Jolly v. Otey (S.D. Ill. 2025). · Go Syfert
Jolly v. Otey (S.D. Ill. 2025). Book View Copy Cite
No syfertize treatment data for cluster 10319047.
Jolly
v.
Otey
3:24-cv-01489.
District Court, S.D. Illinois.
Jan 21, 2025.
Unknown
IN THE UNITED STATES DISTRICT COURT
FOR THE SOUTHERN DISTRICT OF ILLINOIS

RONALD DALE JOLLY, #S05734, )
)
Plaintiff, )
)
vs. ) Case No. 24-cv-01489-JPG ) CHRISTOPHER OTEY, ) MIKE MILLER, ) OFFICER TOOMBS, ) OFFICER BUTLER, ) WAYNE COUNTY, ILLINOIS ) SHERIFF’S DEPARTMENT, ) and WAYNE COUNTY, ILLINOIS, ) ) Defendants. )

MEMORANDUM & ORDER

GILBERT, District Judge: This matter is before the Court for review of Plaintiff Ronald Jolly’s Second Amended Complaint (Doc. 22) filed pursuant to 42 U.S.C. § 1983 for constitutional deprivations that allegedly occurred during his confinement at Wayne County Jail. Plaintiff claims that the defendants retaliated against him for filing a lawsuit against county officials in 2009, by denying him medical care, access to his attorney, and appropriate housing following his return to the Jail in 2023. He seeks money damages. Id. The Second Amended Complaint is subject to screening under 28 U.S.C. § 1915A. This statute requires the Court to filter out any portion that is legally frivolous or malicious, fails to state a claim for relief, or requests money damages from an immune defendant. See 28 U.S.C. § 1915A(a)-(b). At this juncture, the factual allegations in the pro se complaint are liberally construed. Rodriguez v. Plymouth Ambulance Serv., 577 F.3d 816, 821 (7th Cir. 2009). Second Amended Complaint Plaintiff makes the following allegations in the Second Amended Complaint (Doc. 22, pp. 1-44): Plaintiff claims that he was subjected to retaliation by Wayne County officials in 2023 because of a lawsuit he filed against Sheriff Jim Hinkle and Officer Michael Miller in 2009. See Jolly v. Hinkle, No. 2009-cv-00074-GPM (S.D. Ill. 2009).

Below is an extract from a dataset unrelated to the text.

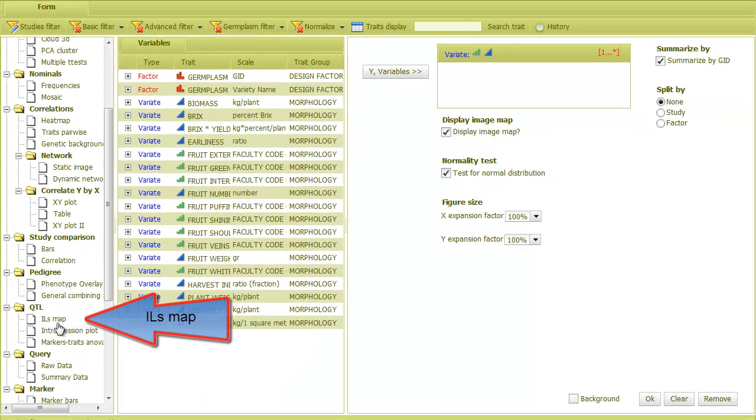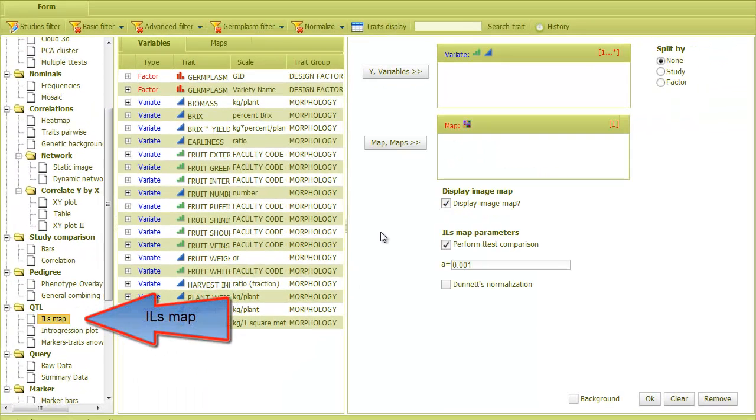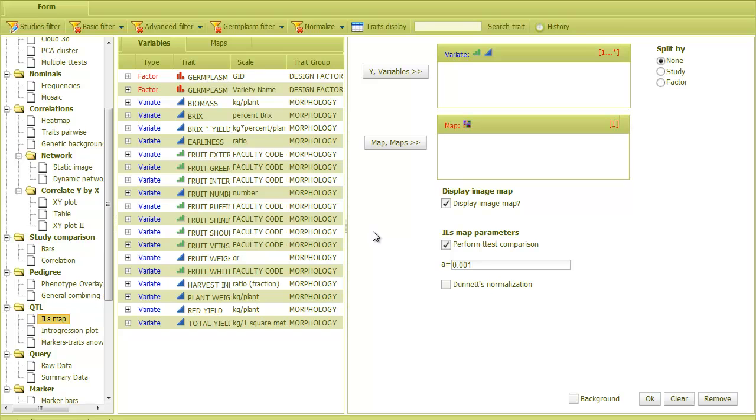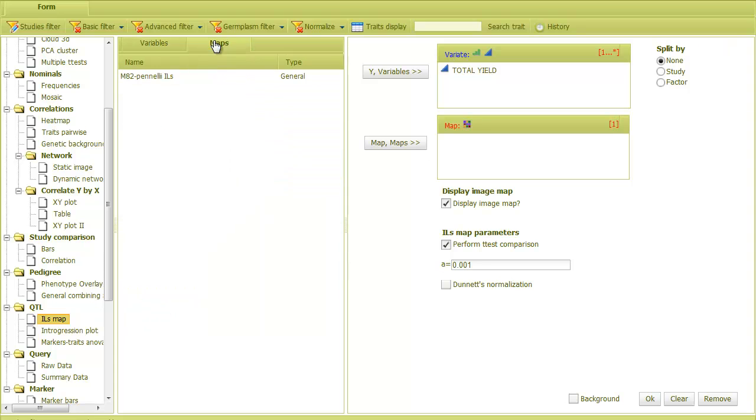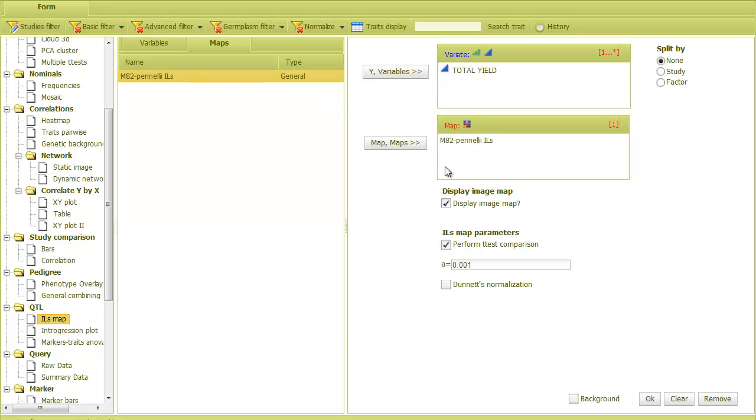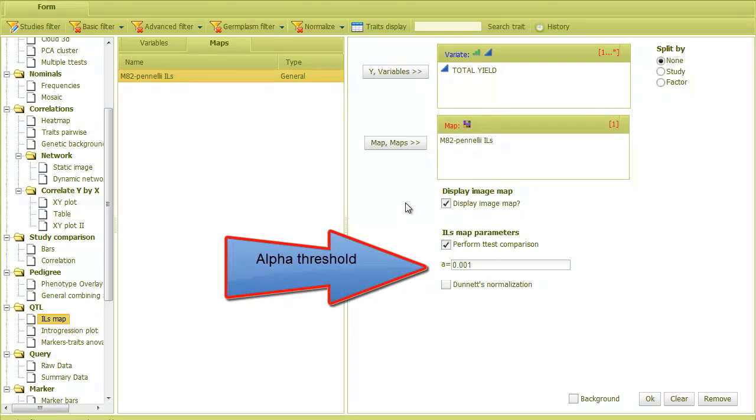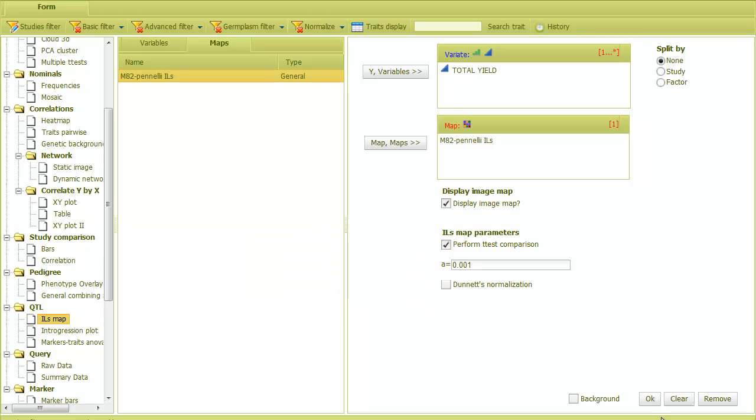Now, I'll select the ILs map analysis. Then, I'll put the trait that I want to map into the Y field. Let's take total yield. Next, I go to the Maps tab. This tab presents genetic maps that are available for this population. I'll select this map and put it in the field. Then, I can set the alpha level of the statistical comparison, or leave it as it is, and then click OK.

On March 6, 2023, Plaintiff was arrested and booked into Wayne County Jail. Id. at 7. During booking, he informed an unknown booking officer1 that he suffered from back pain requiring treatment with nerve blocking shots, which he had been receiving from Horizon Health Clinic since 2015. Plaintiff complained of severe back pain two days later and asked a jailer to confirm his upcoming appointment for the shot. The jailer instructed him to speak with Chief Jail Administrator/Sergeant Mike Miller. Plaintiff did so that day and emphasized his ongoing need to attend the pain clinic to receive nerve blocking shots for his back pain. Miller assured Plaintiff that he would receive all treatment as long as “he doesn’t cause any problems like he’s done in the past.” Id. at 8. At the time, Plaintiff was not causing problems. However, he understood that

Miller was referring to a 2009 lawsuit he filed against the officer to challenge several county policies and procedures pursuant to 42 U.S.C. § 1983. Id. From that point forward, Miller took steps to retaliate against Plaintiff, alone and with other staff members. Id. at 9. From March through December 2023, Plaintiff was denied access to the pain clinic and treatment for his chronic back pain; each time his treating physician scheduled an appointment, it was cancelled. Id. at 10. From March through November 2023, Miller denied him access to confidential communications with his attorney. Id. at 9. In May and June 2023, Miller ordered Officers Toombs and Butler to place Plaintiff in female housing to humiliate him and then

1 Plaintiff mentions a booking officer, jailer, treating doctor, and Dr. Pelegrin in the statement of his claim, but he names none of them as defendants and asserts no claims against them. moved him to a cold cell to harass him. Id. When he filed grievances to complain about these issues beginning in June 2023, the retaliation only worsened. Id. Discussion Based on the allegations in the pro se Second Amended Complaint, the Court designates the following counts:

Count 1: Defendants retaliated against Plaintiff for filing a 2009 lawsuit against Mike Miller by denying Plaintiff access to treatment for his chronic back pain from March through December 2023, in violation of the First Amendment.

Count 2: Defendants denied Plaintiff access to treatment for his chronic back pain from March through December 2023, in violation of the Eighth or Fourteenth Amendment.

Count 3: Defendants retaliated against Plaintiff for filing a 2009 lawsuit against Mike Miller by denying Plaintiff access to confidential communications with his attorney from March through November 2023, in violation of the First Amendment.

Count 4: Defendants interfered with Plaintiff’s access to the courts by denying him confidential communications with his attorney from March through November 2023, in violation of the First and/or Fourteenth Amendment.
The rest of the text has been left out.